◆ WORK REQUIRED ◆
Starting with the line that has "Women's LSU Tigers" and finishing with the line that has "Paul Smith Grey", set down each line below exactly. Pictures are not copied.

◆ DATA RECORDS ◆
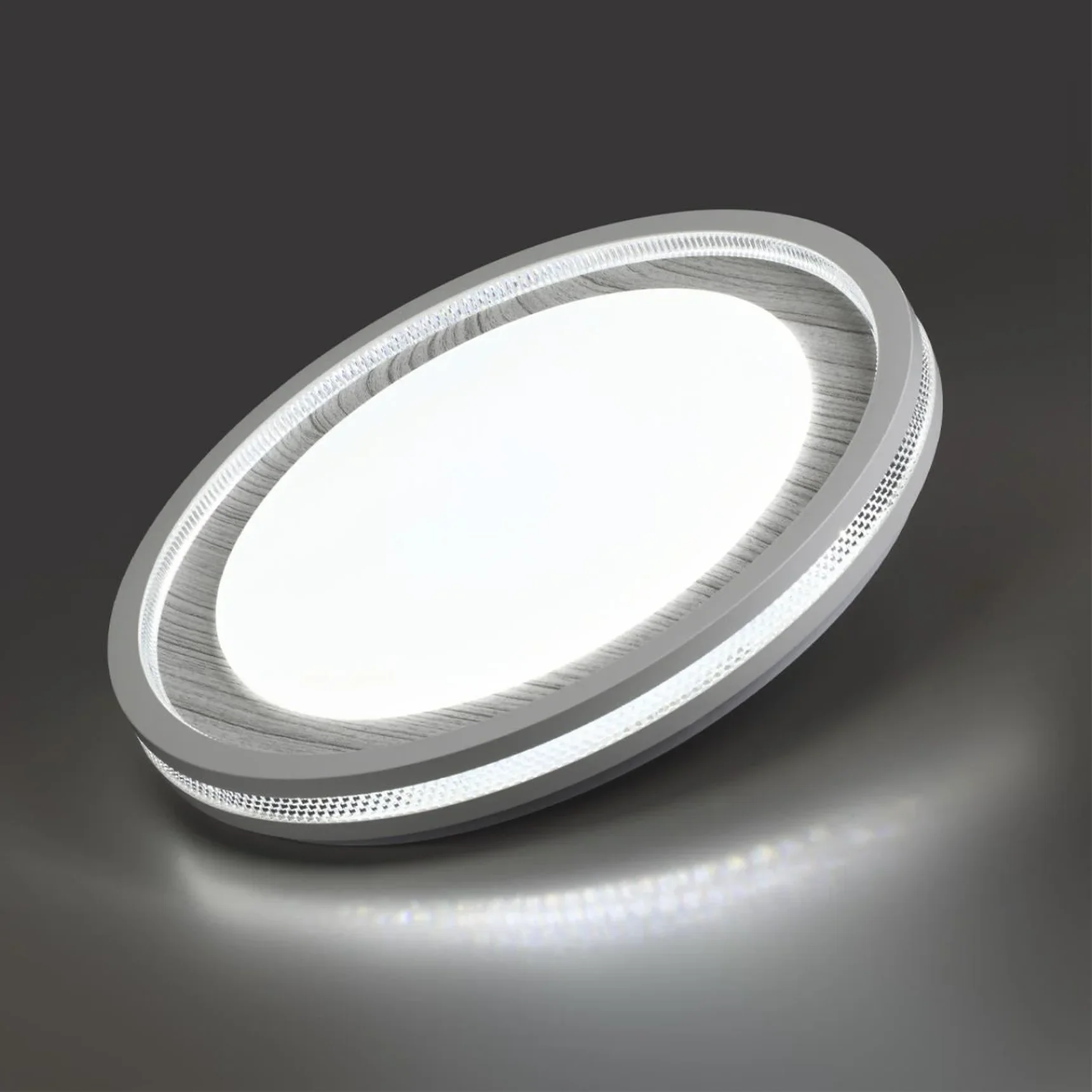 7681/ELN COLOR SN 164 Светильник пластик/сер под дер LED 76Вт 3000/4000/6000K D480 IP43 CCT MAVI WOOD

--

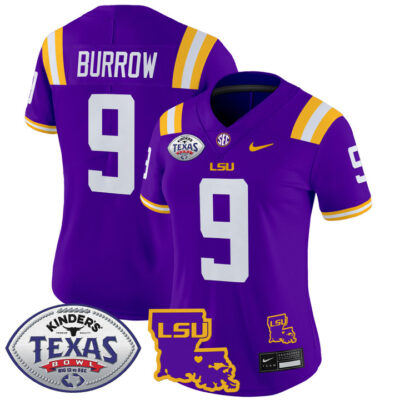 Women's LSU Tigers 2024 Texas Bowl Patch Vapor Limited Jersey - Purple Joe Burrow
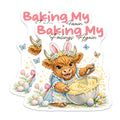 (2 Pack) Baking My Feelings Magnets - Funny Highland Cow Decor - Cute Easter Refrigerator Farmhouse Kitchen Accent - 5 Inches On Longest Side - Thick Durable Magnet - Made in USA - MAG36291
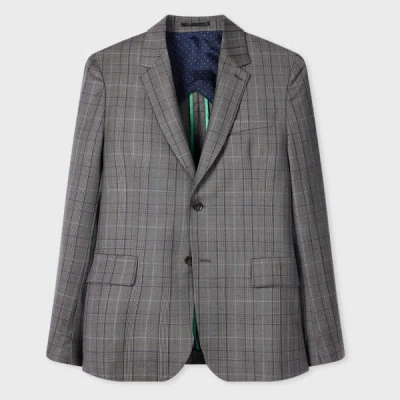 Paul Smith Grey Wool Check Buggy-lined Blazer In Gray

...

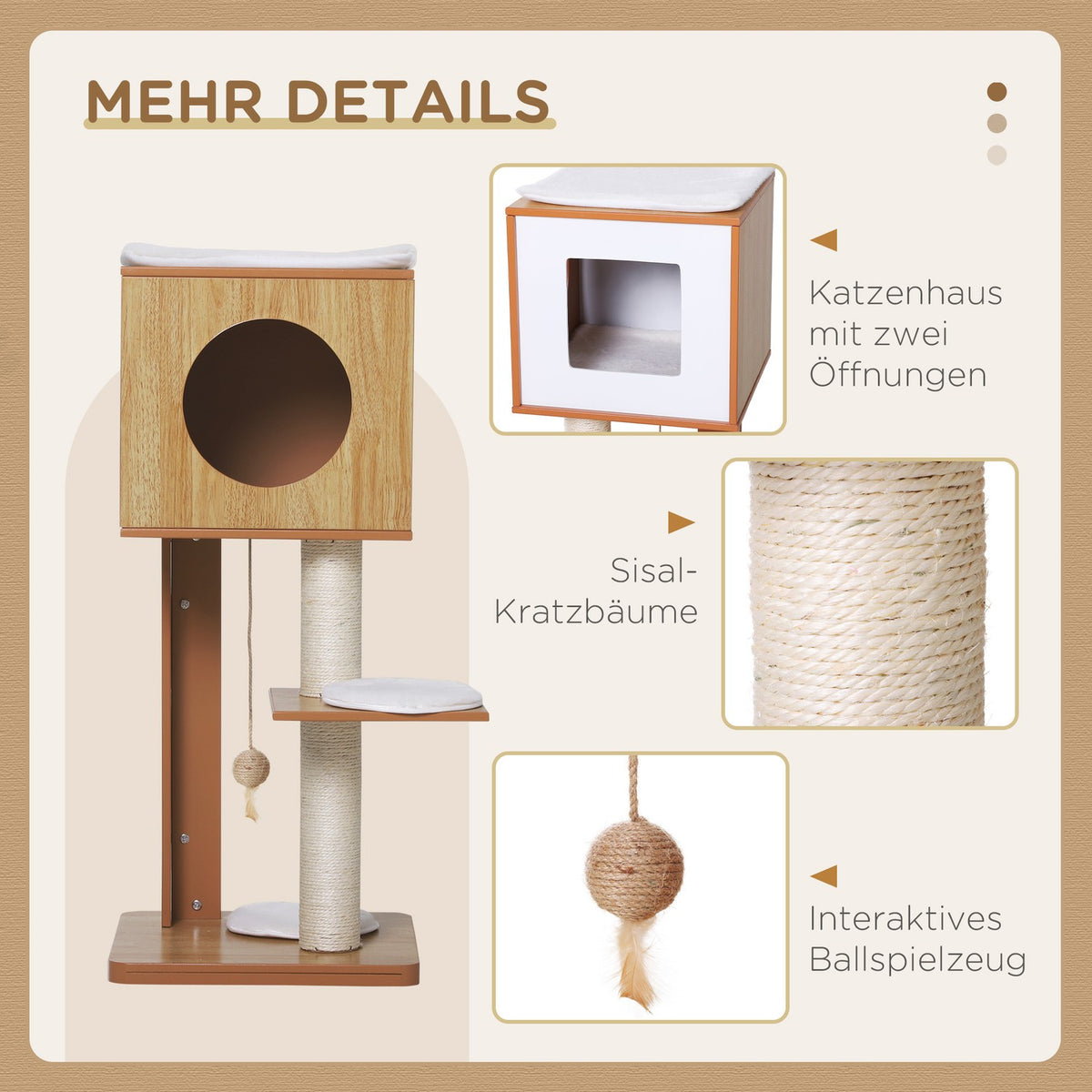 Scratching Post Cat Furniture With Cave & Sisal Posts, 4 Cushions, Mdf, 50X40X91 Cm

◆ YOUR RESPONSE ◆
 Women's LSU Tigers 2024 Texas Bowl Patch Vapor Limited Jersey - Purple Joe Burrow
 (2 Pack) Baking My Feelings Magnets - Funny Highland Cow Decor - Cute Easter Refrigerator Farmhouse Kitchen Accent - 5 Inches On Longest Side - Thick Durable Magnet - Made in USA - MAG36291
 Paul Smith Grey Wool Check Buggy-lined Blazer In Gray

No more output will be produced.